Konsequent, aber eben auch mangels Alternativen, schenkt Hyballa fortwährend jungen Spielern wie Marco Höger, Kevin Kratz, Zoltan Stieber und Manuel Junglas das Vertrauen. Liebevoll nennt er das grünschnäblige Aachener Mittelfeld seine "20-jährige Raute" - und die sorgt ligaweit für Aufsehen. Nach einem schwachen Saisonstart zahlt sich das Vertrauen mittlerweile aus.

Mit dem jüngsten Zweitligakader holte der jüngste Zweitligatrainer zuletzt 14 Punkte aus sechs Spielen, arbeitete sich so auf Rang neun der Tabelle vor. Der vom TuS Koblenz verpflichtete Zoltan Stieber führt die Scorertabelle mit beachtlichen zehn Punkten an, ragt aus dem tadellos funktionierenden Kollektiv heraus.

Auch als unbeschriebenes Trainer-Blatt scheute Hyballa nicht davor, viele eingefahrene Trainingsmethoden selbstbewusst auf den Kopf zu stellen. Der Ball ist nun bei sämtlichen Einheiten dabei.

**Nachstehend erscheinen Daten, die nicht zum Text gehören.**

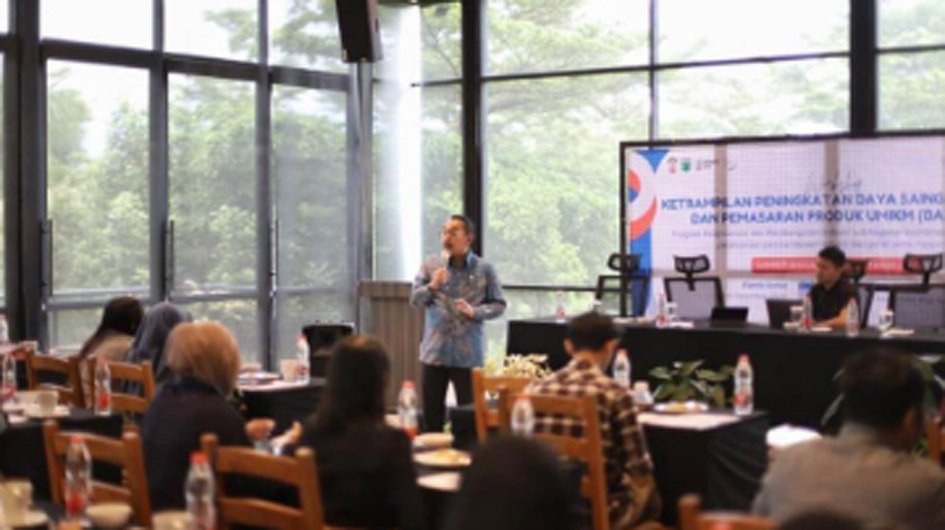 Kanwil Kemenkumham Jatim Perkuat Fasilitasi Pendaftaran KI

"Schlafmützenfußball" ist Geschichte

"Dass ich von meiner Arbeit überzeugt bin, ist ja kein Geheimnis", sagte er kürzlich im "Kicker". Diese Überzeugung scheint er auf sein Team übertragen zu können.

Auch Alemannias Geschäftsführer Erik Meijer ist das nicht verborgen geblieben. "Wir haben den Schlafmützenfußball vom letzten Jahr beiseite geschoben", attestiert der Niederländer.

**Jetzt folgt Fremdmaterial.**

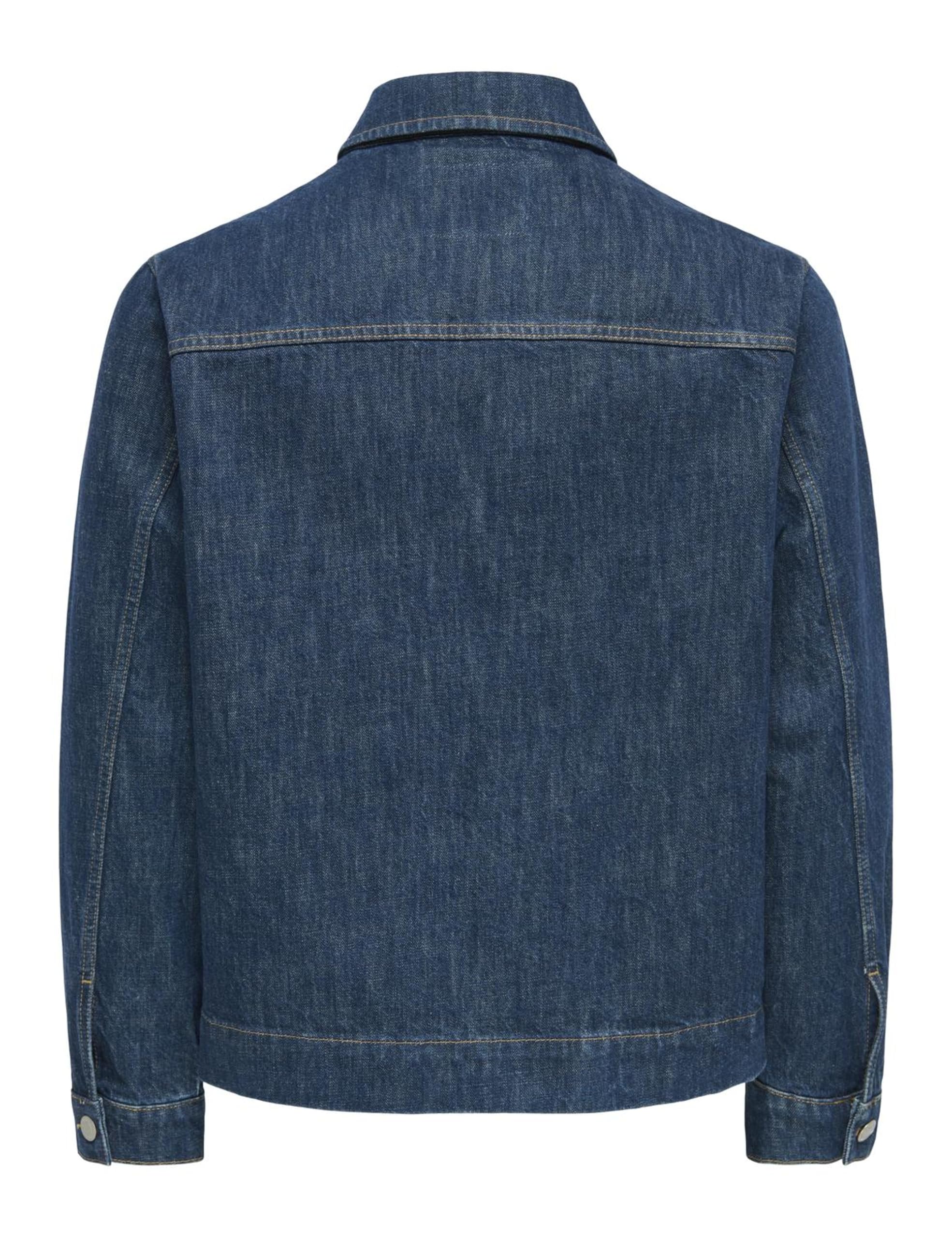 Only & Sons Onscassel Giubbotto Jeans Uomo XXL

"Meine Straßenköter" nennt Hyballa seine Rasselbande. Und diese scheint den Hunger des ehrgeizig-extrovertierten Trainers perfekt verinnerlicht zu haben. Die "neue" Alemannia schafft es wieder, den Tivoli mit ihrem forschen Auftreten beben zu lassen, das zuletzt kaum ausgelastete Stadion füllt sich allmählich. Die Stimmung in Aachen wirkt euphorisch und erwartungsfroh wie schon lang nicht mehr. Der eingeschlagene offensive Weg scheint sich als richtig zu erweisen.

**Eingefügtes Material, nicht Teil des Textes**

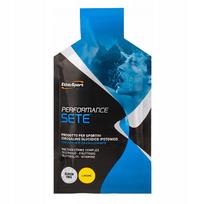 Izotoninis milteliai EthicSport Performance sete citrinų skonio 22 g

Bei aller Euphorie will Hyballa dennoch weiter "cool bleiben und den Job machen". Denn auch er weiß, dass der Alltag ihn und seine "Straßenköter" schnell wieder einholen kann. Nämlich dann, wenn im Winter die Bundesligisten anklopfen, um seine geliebte "20-jährige Raute" auseinanderzupflücken.

Und dann, wenn sich irgendwann zwangsläufig die fehlende Beständigkeit seiner jungen Mannschaft herauskristallisiert. Nach dem zuletzt mühevoll erkämpften Sieg gegen Osnabrück trat er folgerichtig erst einmal auf die Bremse: "Gegen Mainz haben wir ja toll gespielt, gegen Osnabrück weniger. Die Jungs sind also noch nicht so weit."